Hamburger Abendblatt / Journal, 9. Dezember 2000, Heike Gätjen

Ein Exzentriker in der Ruhephase

Er hat es im internationalen Filmgeschäft geschafft: Udo Kier, einer der ganz wenigen deutschen Schauspieler, der sich in Hollywood fast ein Jahrzehnt lang gehalten hat. Nicht an der Spitze wie Armin Müller-Stahl, aber dauerhaft in der zweiten Reihe. In großen Filmen wie "Blade", "Armageddon" und dem gerade preisgekrönten "Dancer in the Dark" war er dabei. Einige andere Filme würde er lieber vergessen. "Das waren schöne Rollen in falschen Filmen."

Wir kennen ihn als Dracula und Filmspezialisten für seelische Grenzbereiche - der schrille Auftritt ist sein Markenzeichen: Udo Kier ist einer der wenigen deutschen Schauspieler, die in Hollywood Karriere gemacht haben. Ein Pflaster, auf dem man sich nur mit Distanz, Fleiß und Selbstironie bewegen kann. 

Die Klammer ist endlich weg. Die hinter seinem Namen. Udo Kier, Klammer auf, Dracula, Klammer zu.
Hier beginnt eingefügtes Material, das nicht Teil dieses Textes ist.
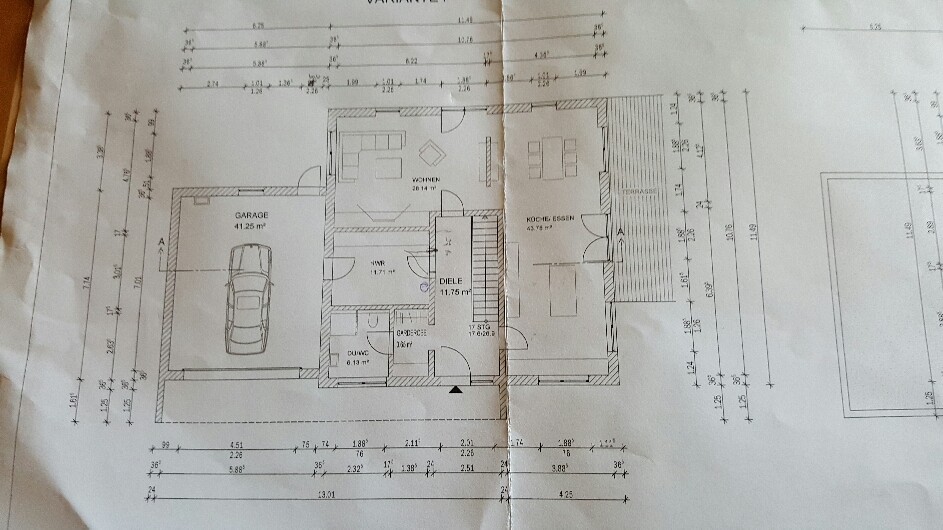 2D-Grundriss eines Hauses mit Garage, Wohnen und Küche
Nachdem er sich 1974 in Andy Warhols Film "Dracula" blutsaugend auf der Karriereleiter nach oben schlürfte, war das jahrelang seine einzige Erkennungsmarke. Heute, hundertzwanzig Filme später, ist er Udo Kier, der Schauspieler. Und kann endlich das tun, wovon er immer schon geträumt hat. "Wenn auf der Pressekonferenz jemand sagt: Kier? Können Sie das mal buchstabieren?", sag ich einfach NEIN!" 

Udo Kier ist der erfolgreichste Dauerbrenner in Hollywoods zweiter Liga. Zehn Filme hat er allein in diesem Jahr abgedreht. Rollen irgendwo zwischen Wahnwitz, Irrsinn und Mordlust, von einem seelischen Grenzbereich ab in den nächsten. Einen schrillen Maler á la Dali spielte er in "Die schwarze Spinne" mit Christiane Hörbiger. Einen wahnsinnigen Millionär in "Doomsdayer". Einen verrückten General in "All the Queens Men". 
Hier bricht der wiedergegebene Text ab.